REQUIREMENT
The result should be the lines from the one holding "Recherche de 80s posters Radio" to the final line of the records below, repeated exactly and with no pictures.

RECORDED INFORMATION

Start of Block

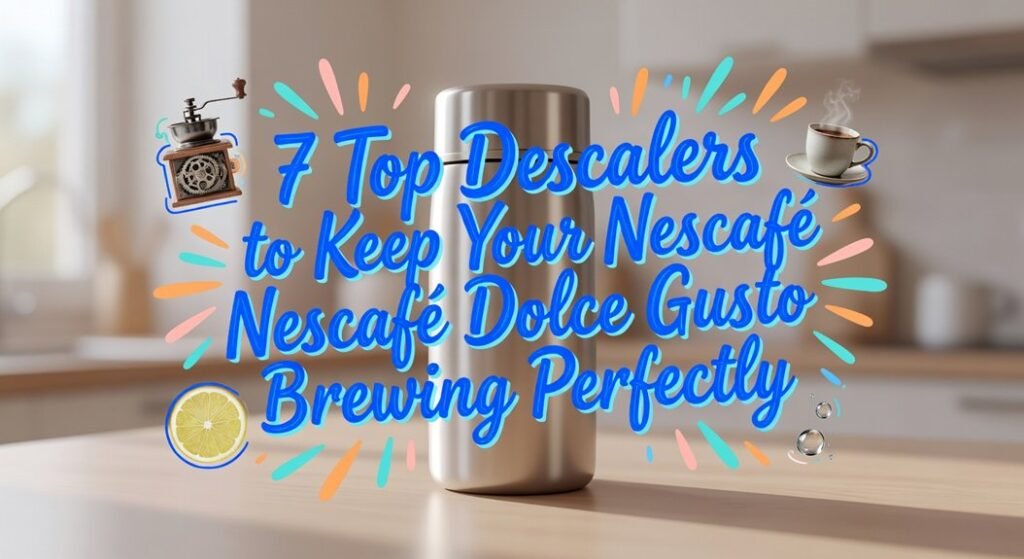 top nescaf descalers guide
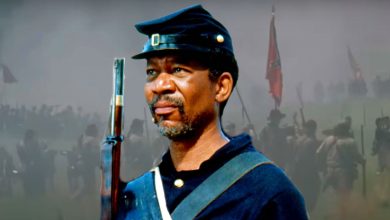"Es una descripción aterradora": batallas de una película de la Guerra Civil de 34 años evaluadas por un historiador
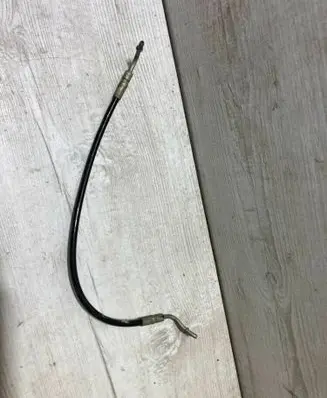Mercedes-Benz SL R129 Convertible roof line/pipe/hose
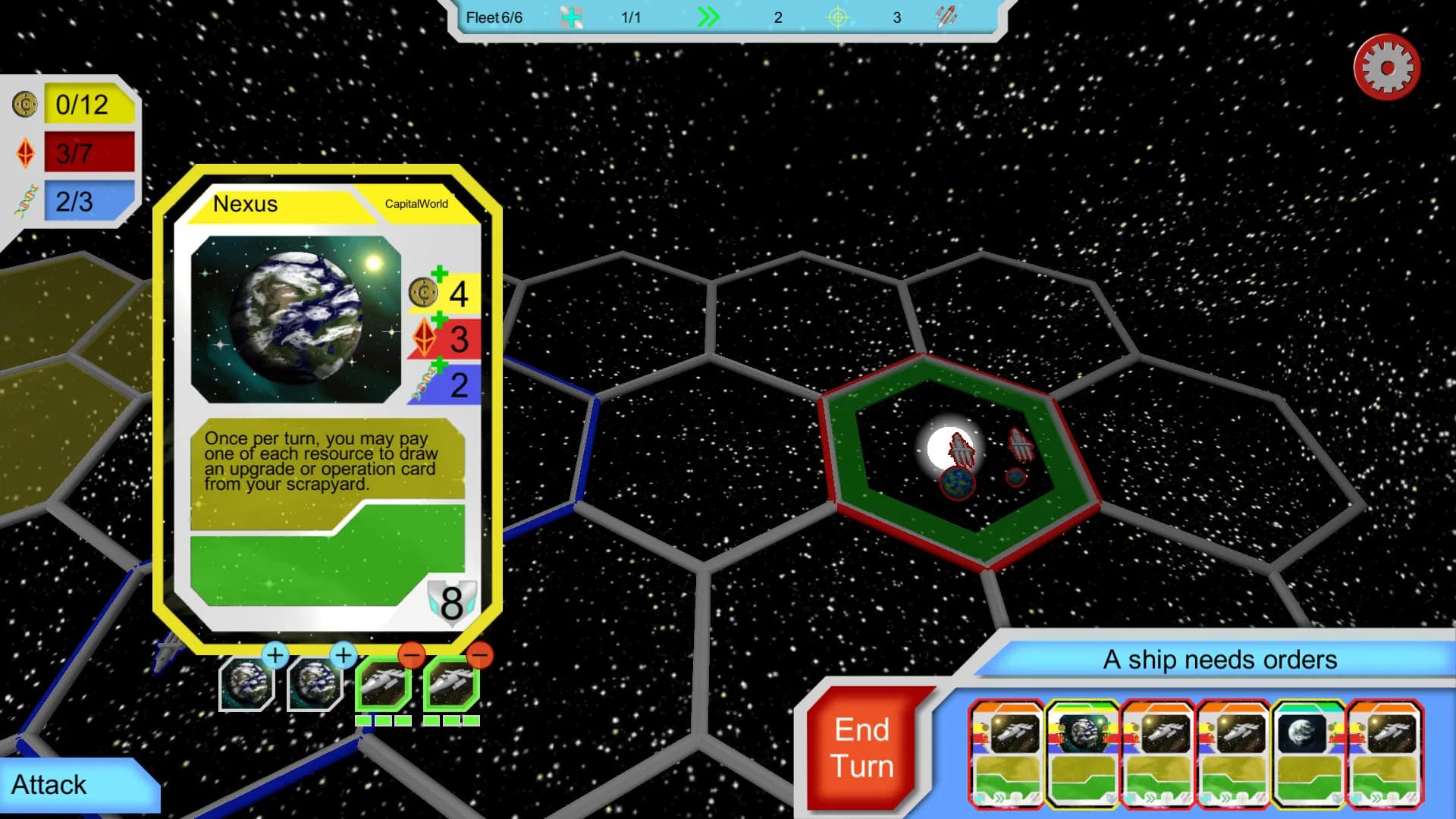 Solar Command görsel 4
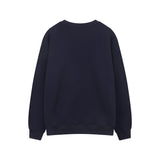 タビーキャットクラブスウェットシャツ / TABBY CAT CLUB SWEATSHIRT NAVY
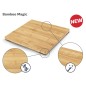 Soehnle Personenwaage Style Sense Bamboo Magic 180 kg Soehnle Personenwaage Style Sense Bamboo Magic 180 kg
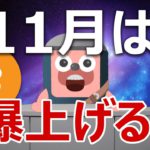 ビットコイン価格は今月11月にどうなるのか説明します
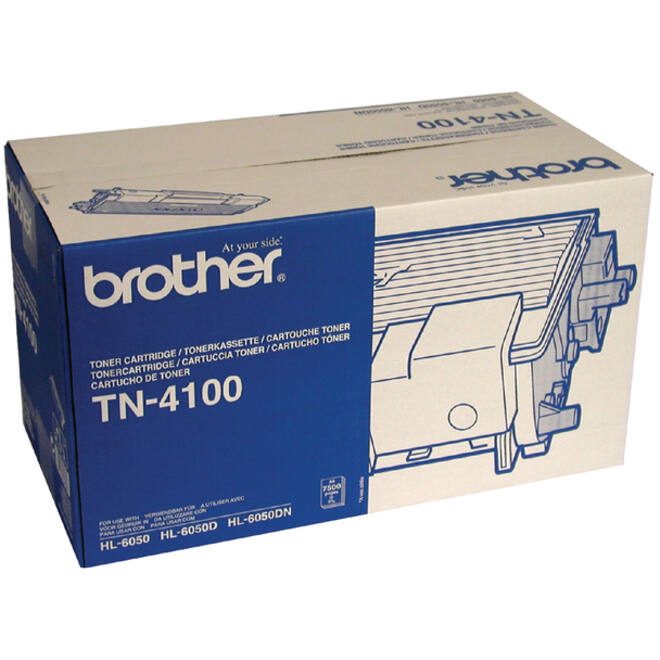 Toner Brother TN-4100 zwart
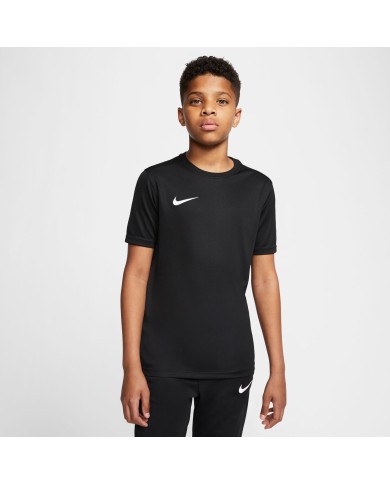 T-SHIRT NIKE DRY PARK VII JR BV6741-010 T-SHIRT NIKE DRY PARK VII JR BV6741-010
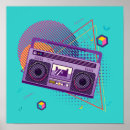 Recherche de 80s posters Radio
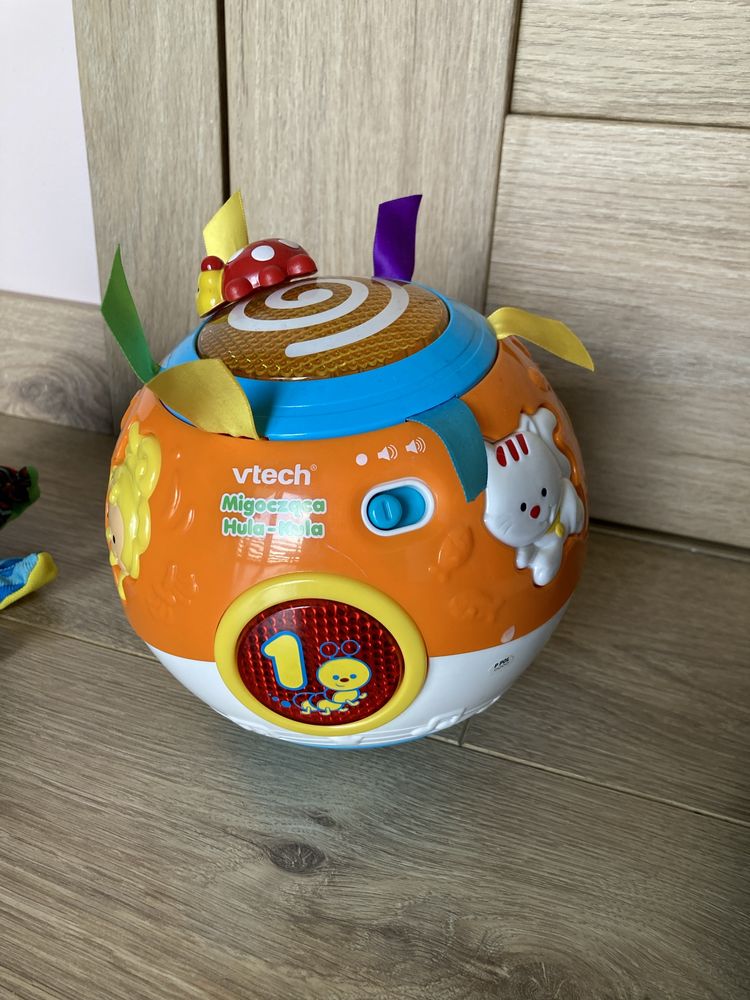 Zestaw zabawek dla malucha 6m+ Fisher Price, Vtech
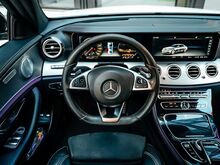 Mercedes-Benz E 220 AMG Styling Night Package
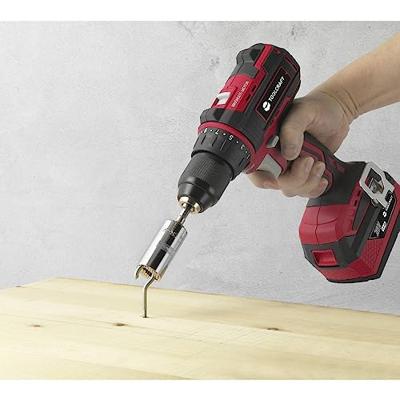 TOOLCRAFT TO-7273935 Dopsleutel-bitinzet 1/4 (6.3 mm), 3/4 TOOLCRAFT TO-7273935 Dopsleutel-bitinzet 1/4 (6.3 mm), 3/4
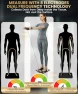Thumbnail Smart Scale with Body Composition Analysis — Smart Scale, Homerz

End of Block

COMPLETED EXERCISE
 Recherche de 80s posters Radio
 Zestaw zabawek dla malucha 6m+ Fisher Price, Vtech
 Mercedes-Benz E 220 AMG Styling Night Package
 TOOLCRAFT TO-7273935 Dopsleutel-bitinzet 1/4 (6.3 mm), 3/4 TOOLCRAFT TO-7273935 Dopsleutel-bitinzet 1/4 (6.3 mm), 3/4
Thumbnail Smart Scale with Body Composition Analysis — Smart Scale, Homerz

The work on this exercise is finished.